Kemudian Gustav Le Bon menunjuk kepada kepercayaan pada takdir di antara orangorang Romawi dan Yunani terdahulu, yang ia simpulkan sebagai berikut :

"Dengan demikian, dapatlah diketahui bahwa Islam tidak lebih memberikan perhatian pada masalah ini dibanding berbagai agama lainnya, bahkan tidak sebesar perhatian yang diberikan oleh para Ilmuwan modern, sesuai dengan ucapan Laplace dan Leibniz".

Begitulah kita dapati Gustav Le bon dapat menerima pengertian bahwa kepercayaan kepada takdir tidak bisa lain daripada determinisme dan penafian kebebasan; akan tetapi, menurutnya, kepercayaan seperti ini memang sudah ada pada semua agama serta berbagai aliran filsafat dan tidak hanya khusus dalam Al-Quran saja.

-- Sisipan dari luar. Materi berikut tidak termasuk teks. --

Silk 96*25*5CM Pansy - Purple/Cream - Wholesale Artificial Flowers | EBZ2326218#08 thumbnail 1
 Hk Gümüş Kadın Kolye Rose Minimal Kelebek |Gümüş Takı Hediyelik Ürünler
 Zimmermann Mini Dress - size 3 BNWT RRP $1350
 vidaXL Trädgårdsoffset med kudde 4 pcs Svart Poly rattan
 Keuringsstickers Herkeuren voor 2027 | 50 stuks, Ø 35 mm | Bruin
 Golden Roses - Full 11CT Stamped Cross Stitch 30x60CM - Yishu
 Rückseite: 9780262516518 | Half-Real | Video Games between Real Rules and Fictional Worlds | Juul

Setelah mengutip beberapa kandungan Al-Quran, terutama yang mengandung pengertian bahwa ilmu dan kehendak Ilahi meliputi segala sesuatu, secara menyeluruh, dan setelah menunjuk kepada hadis yang terkenal dalam Shahih Bukhari, Will Durant[18] berkata: "Keimanan kepada qadha dan qadar ini, telah menjadikan determinisme sebagai ciri-ciri yang jelas dalam pemikiran Islami".

Ada baiknya kita perhatikan ucapan Dominique Sourdell:[19]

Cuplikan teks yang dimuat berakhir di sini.